- _EXERCISE GOAL_
Write out every entry exactly as given, but omit the pictures.

-=-=-=-=-

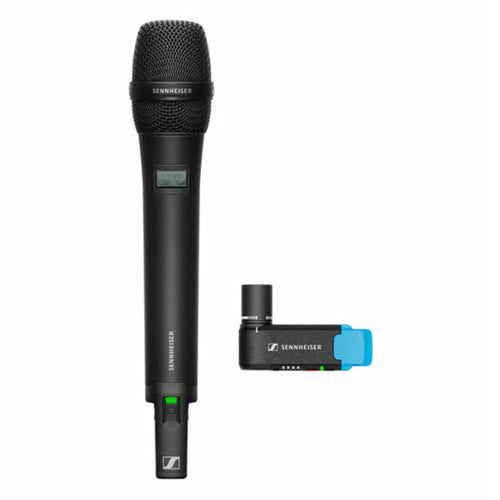 Sennheiser AVX -835 Set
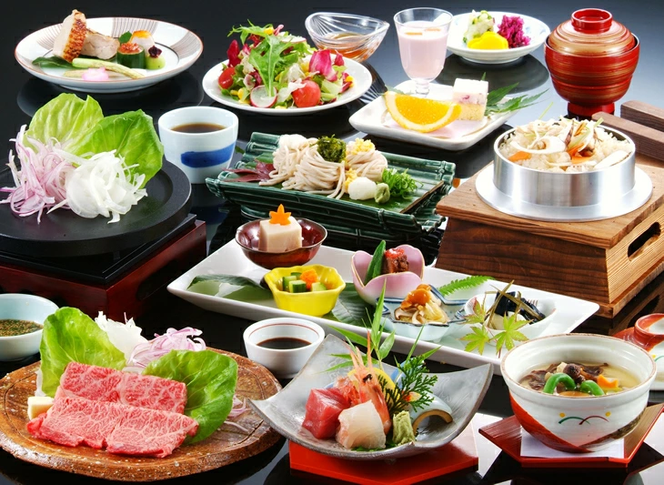 ys{Tszs ̉ԉ ےÐ Sl H A t ዞs s   ze ό gx `Pbg N[| s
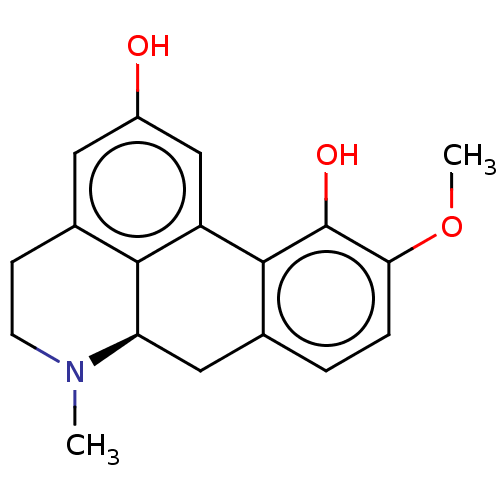 Chemical structure of BindingDB Monomer ID 50223514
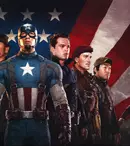 Recomandarea TVmania pentru seara de luni, 19 martie: „Căpitanul America: Primul răzbunător”, cu Chris Evans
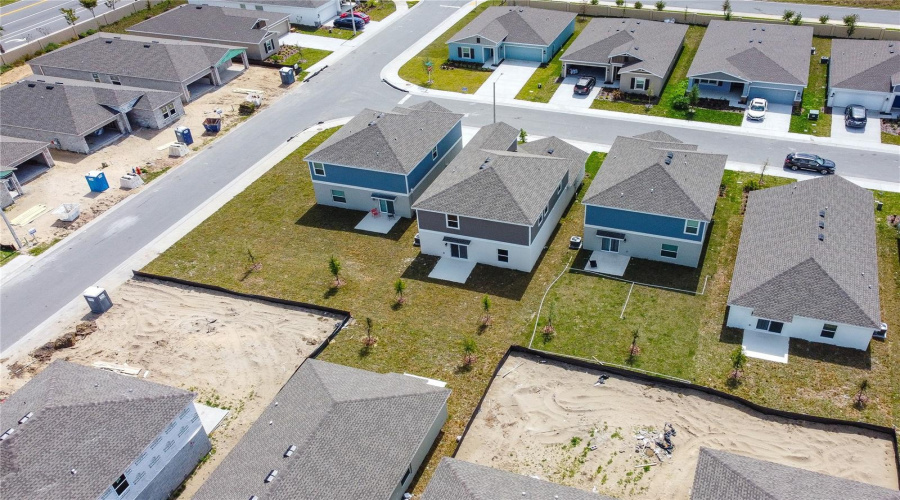 DAVENPORT, Florida 33837, 5 Bedrooms Bedrooms, ,2 BathroomsBathrooms,Residential,For Sale,BURNEY FALLS LN,0,MFRO6378693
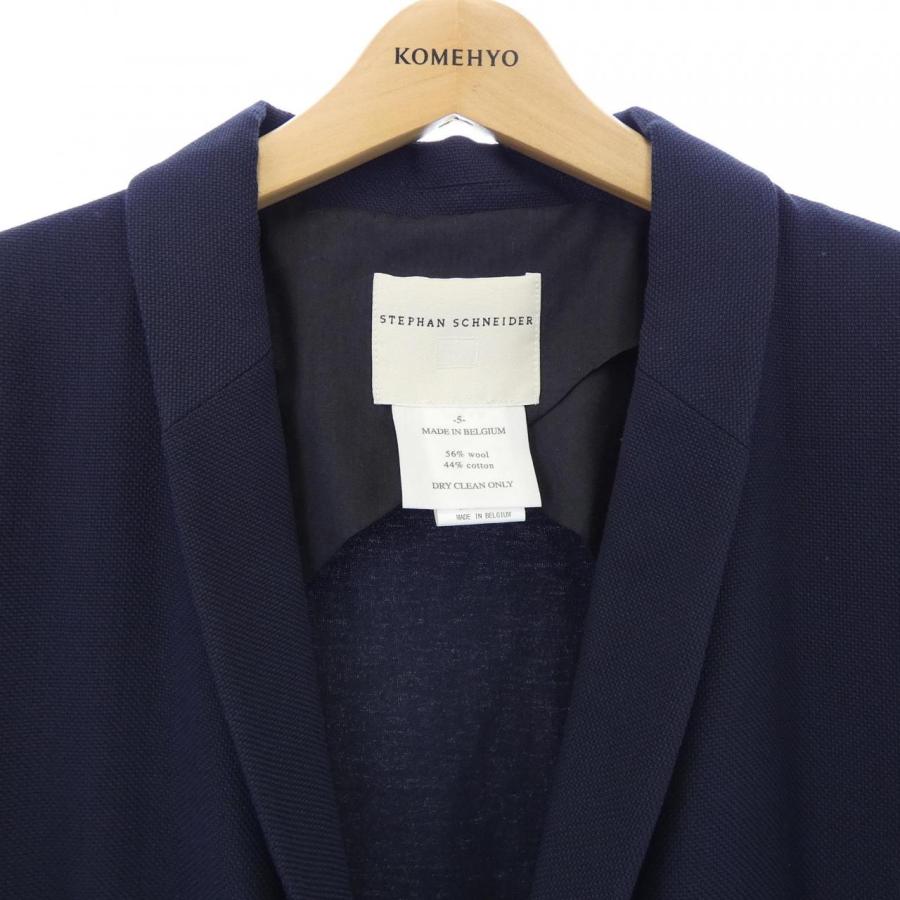 ステファンシュナイダー STEPHAN SCHNEIDER ジャケット : KOMEHYO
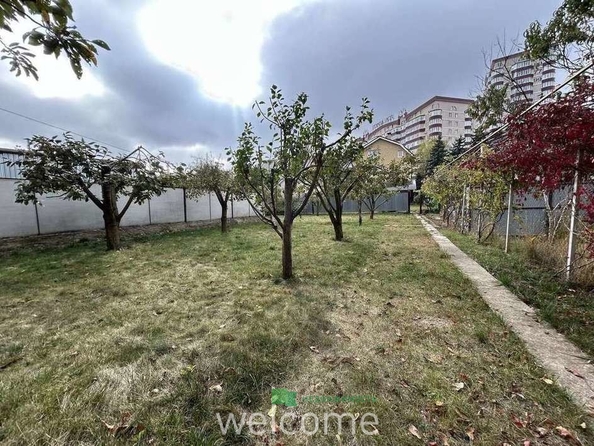 
  Продается дом 250 м². Фото 29.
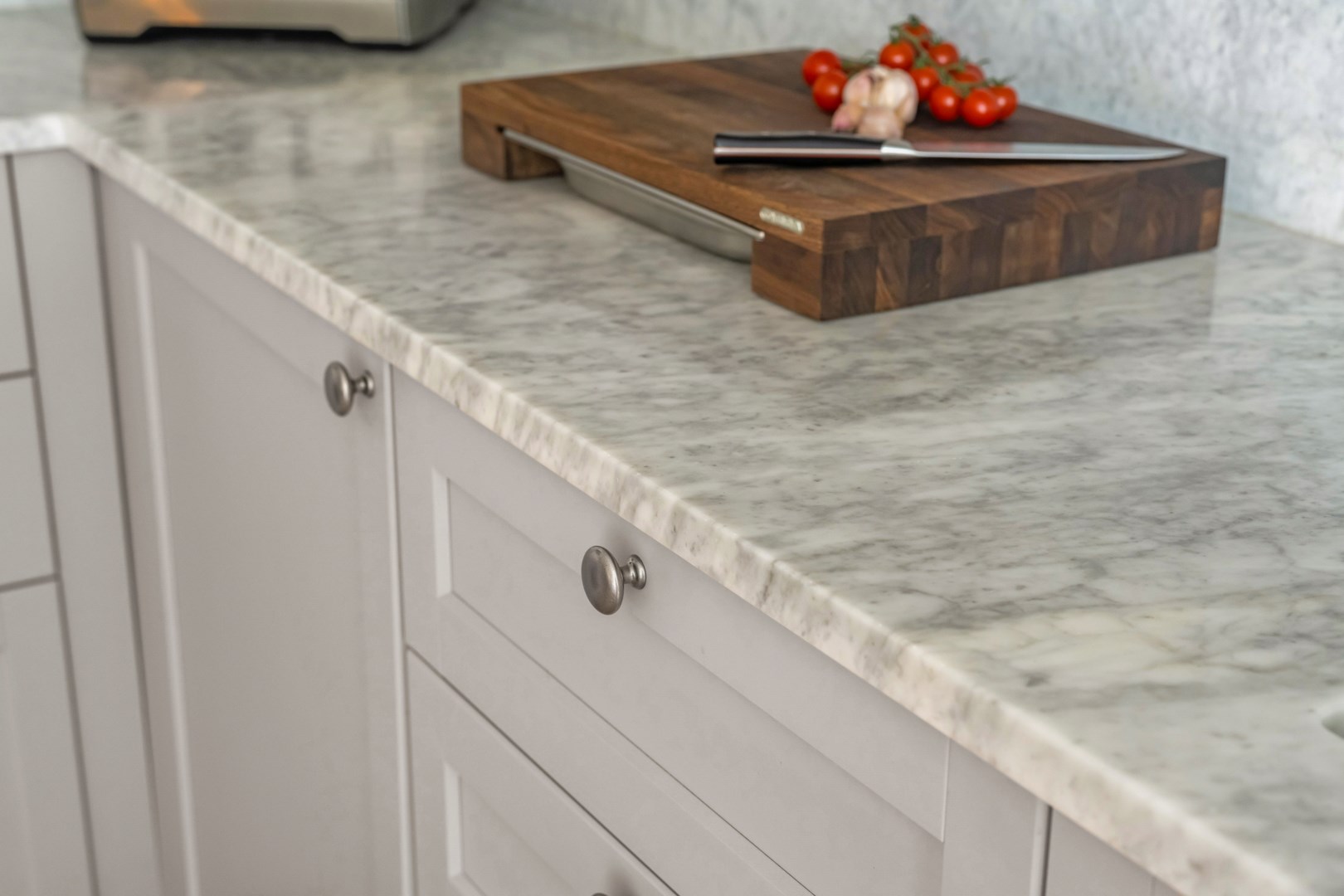 Bostadsbild från Vasagatan 5B, Såld i Luthagen, Uppsala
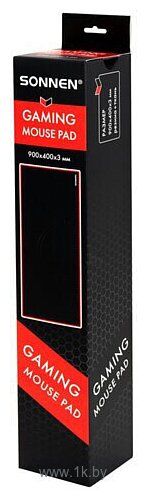 Фотографии Sonnen Black Titan XXL 513959 Фотографии Sonnen Black Titan XXL 513959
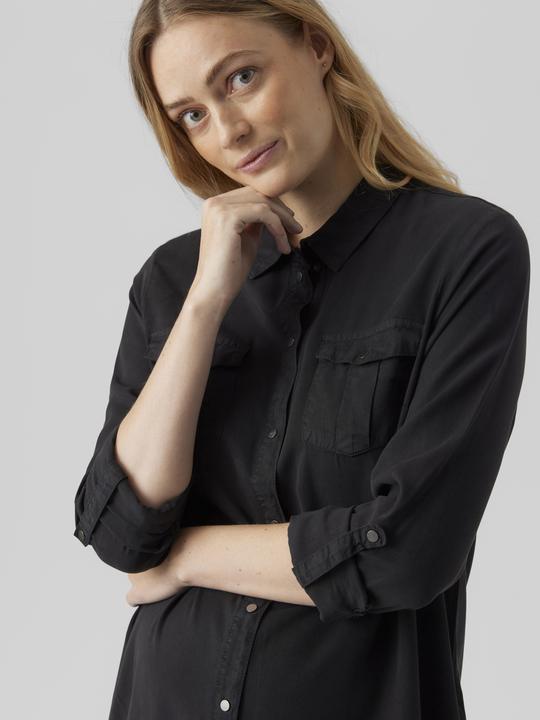 Image du produit Vero Moda Maternity Robe de maternité (M)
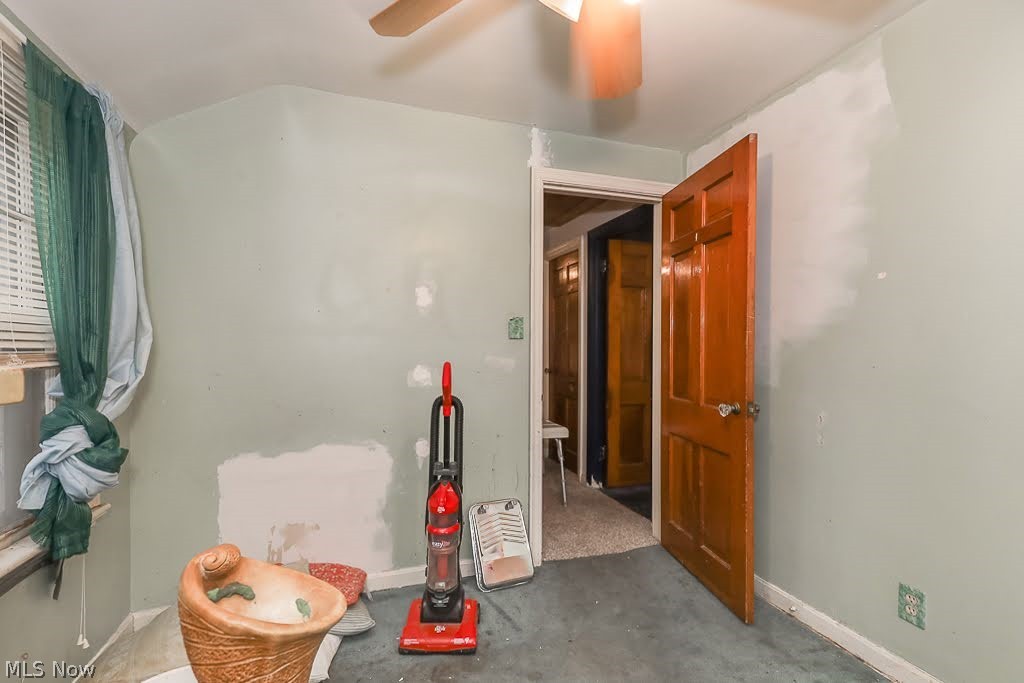 18219 Libby Road Maple Heights, OH 44137 - Photo 14 of 30 Gallery Image 14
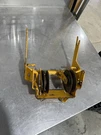 Cub Cadet 1863 1864 1440 1541 1641 2284 Tractor 46" Gt Mower Deck Mule Drive. Fixed Price $114.99.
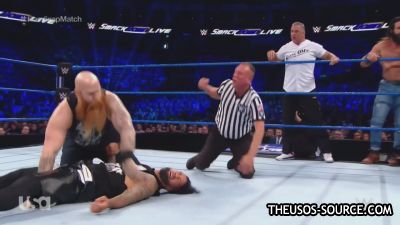 WWE_SmackDown_Live_2019_05_14_720p_HDTV_x264-NWCHD_mp41129.jpg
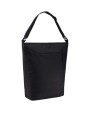 CASE LOGIC Case Logic Invigo umwandelbarer Rucksack  Tote Bag personalisierbar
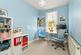 Additional image 16 of New River Crescent, London, N13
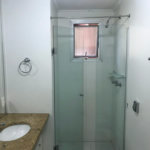 Apartamento à venda com 3 suítes em Conjunto Residencial Morumbi, São Paulo, SP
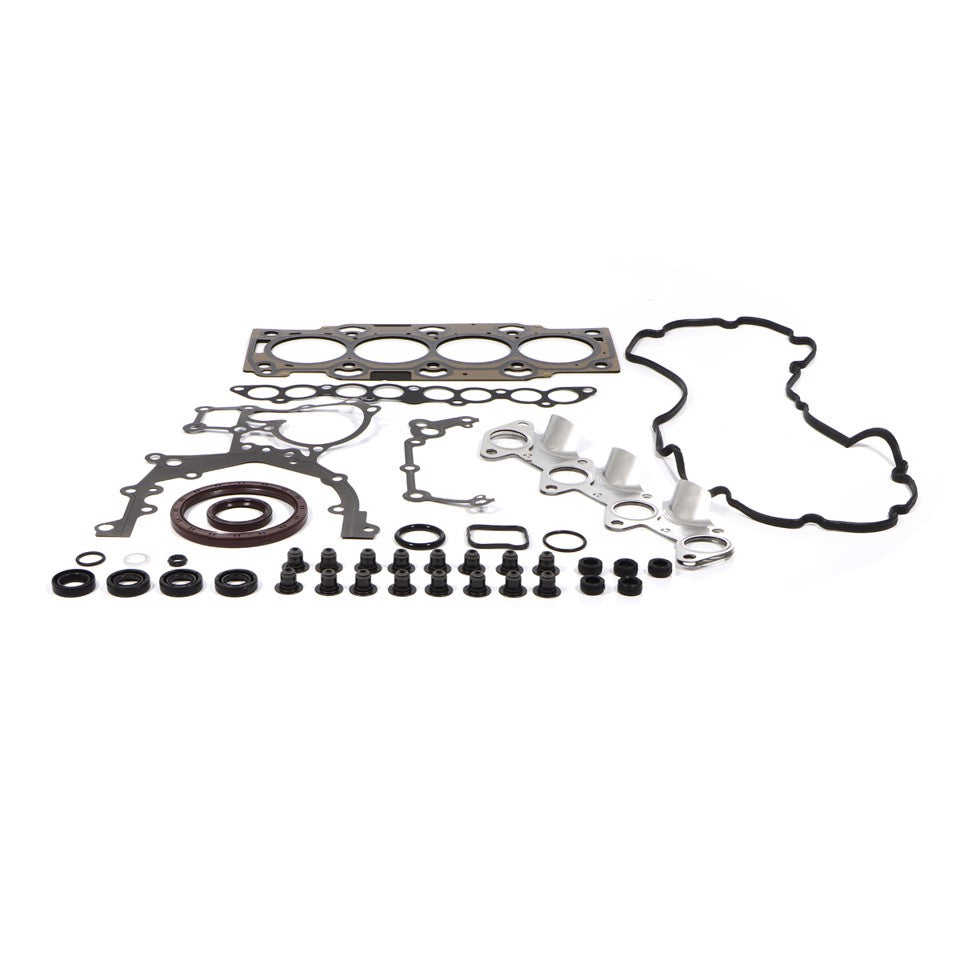 SERIE GUARNIZIONI MOTORE (GENUINE PARTS)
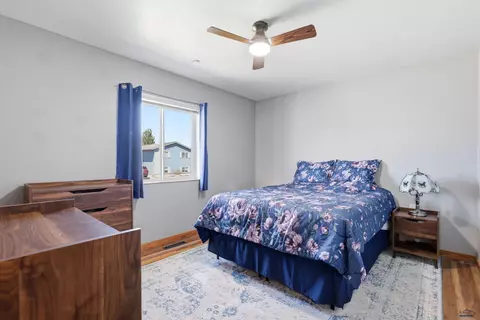 601 Stealth Ln, Box Elder, SD 57719 photo 15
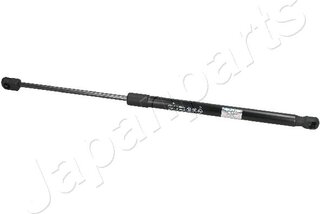 Japanparts ZS09037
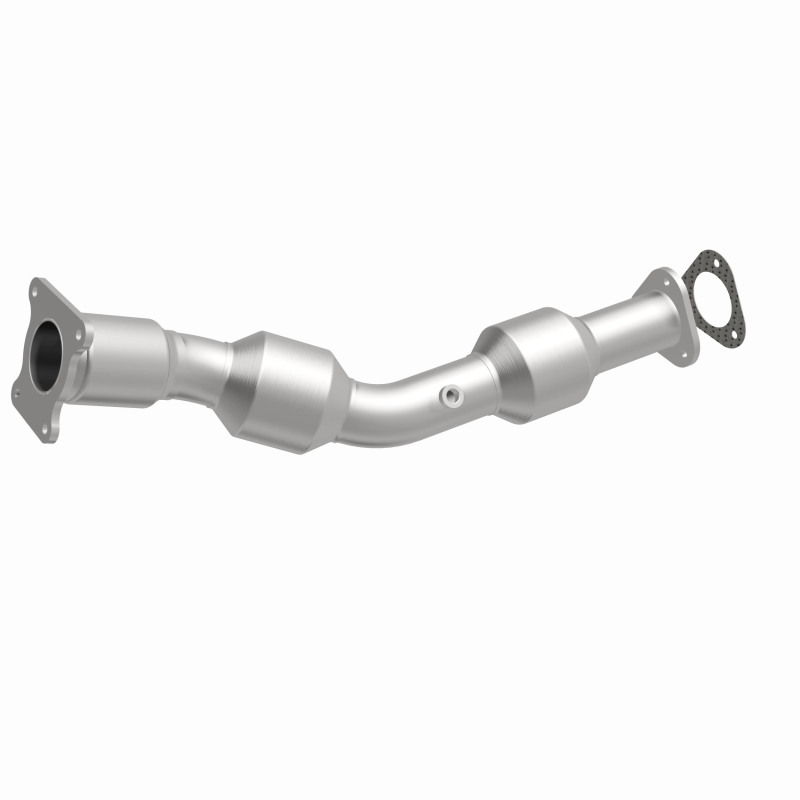 MagnaFlow Direct Fit Catalytic Converter 08 HHR SS 2.0L Turbo OEM thumbnail 9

-=-=-=-=-

- _RESULT_
 Sennheiser AVX -835 Set
 ys{Tszs ̉ԉ ےÐ Sl H A t ዞs s   ze ό gx `Pbg N[| s
 Chemical structure of BindingDB Monomer ID 50223514
 Recomandarea TVmania pentru seara de luni, 19 martie: „Căpitanul America: Primul răzbunător”, cu Chris Evans
 DAVENPORT, Florida 33837, 5 Bedrooms Bedrooms, ,2 BathroomsBathrooms,Residential,For Sale,BURNEY FALLS LN,0,MFRO6378693
 ステファンシュナイダー STEPHAN SCHNEIDER ジャケット : KOMEHYO
  Продается дом 250 м². Фото 29.
 Bostadsbild från Vasagatan 5B, Såld i Luthagen, Uppsala
 Фотографии Sonnen Black Titan XXL 513959 Фотографии Sonnen Black Titan XXL 513959
 Image du produit Vero Moda Maternity Robe de maternité (M)
 18219 Libby Road Maple Heights, OH 44137 - Photo 14 of 30 Gallery Image 14
 Cub Cadet 1863 1864 1440 1541 1641 2284 Tractor 46" Gt Mower Deck Mule Drive. Fixed Price $114.99.
 WWE_SmackDown_Live_2019_05_14_720p_HDTV_x264-NWCHD_mp41129.jpg
 CASE LOGIC Case Logic Invigo umwandelbarer Rucksack  Tote Bag personalisierbar
 Additional image 16 of New River Crescent, London, N13
 Apartamento à venda com 3 suítes em Conjunto Residencial Morumbi, São Paulo, SP
 SERIE GUARNIZIONI MOTORE (GENUINE PARTS)
 601 Stealth Ln, Box Elder, SD 57719 photo 15
 Japanparts ZS09037
 MagnaFlow Direct Fit Catalytic Converter 08 HHR SS 2.0L Turbo OEM thumbnail 9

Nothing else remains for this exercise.